Research results show that the surcharges have undermined the lives of at least many drivers. Before the introduction of the surcharge, 36% of drivers said they drive the same amount, and after the introduction of the surcharge, their number increased to 43%. After the surcharge, 30% and 13% respectively said they had reduced or stopped tariffs due to gas prices, compared to 38% and 15% before.

“We can see that, overall, Uber drivers were slightly happier with the surcharges than Lyft drivers, which is interesting as the surcharges were the same and Lyft also added additional cashback options on gas purchases for drivers using a Lyft debit card. use,” Campbell said. , citing Lyft’s initiative to offer U.S. drivers with a Lyft Direct debit card an increase in cashback from 4% to 5% on gas through June 30th.

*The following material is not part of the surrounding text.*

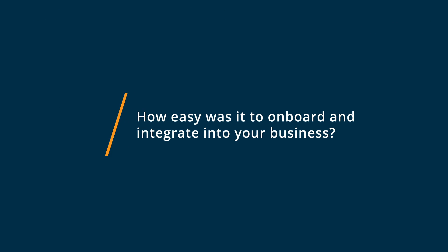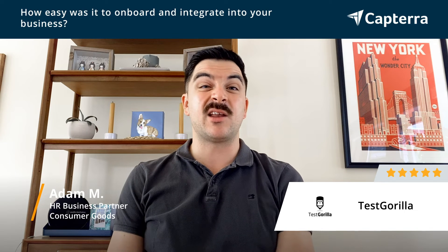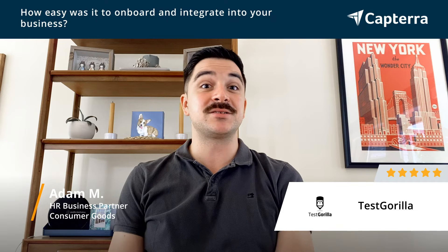TestGorilla is very easy to get started with. It's simple to use. They have a customer support team that can help you through setting up your first assessment, but it's so simple to use I've never had to reach out to them for that type of help.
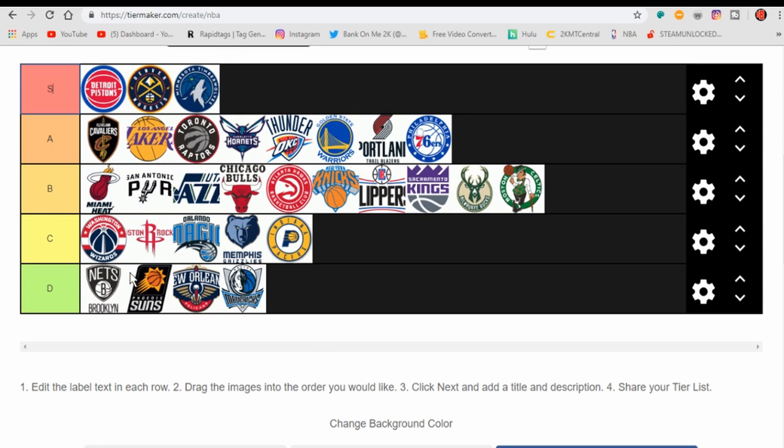So these are my rankings. I don't think I'm going to change anything. If I were to change anything, I'd probably put the Wizards up, but I'll keep them at C tier. That's going to be it for me. Like if you guys enjoyed, subscribe if you're new, and I'm probably going to be making more of these videos since they're apparently very popular. That's it for me. GG.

However, in general, drivers are dissatisfied with such an extra charge. The survey found that 39% of Uber drivers and 42% of Lyft drivers said they were unhappy with fuel surcharges. Only 28% of drivers were happy with Uber’s fuel surcharge, while 21% were happy with Lyft. About a third of Uber and Lyft drivers responded without being forced.

IMany drivers asked why it took so long: Uber (and then Lyft) delayed their announcements, then delayed implementation when the problem dragged on for weeks? Campbell said. IOthers said that the additional fuel surcharge was not enough to make a difference: some said that inflation was growing faster than this fuel surcharge, others said that it did not cover the increase in gasoline in their cities.

Christopher Patrick said he hasn’t changed his driving habits but doesn’t expect fuel prices to drop. While he believes Uber and Lyft should have added the surcharge two weeks ago, he says it’s a move to recognize the rising cost of doing business for drivers.

“decrease” [Uber/Lyft’s] Acceptance as a TNC or increased compensation per mile/time are long-term requirements to keep drivers available during these times of high inflation,” said Patrick.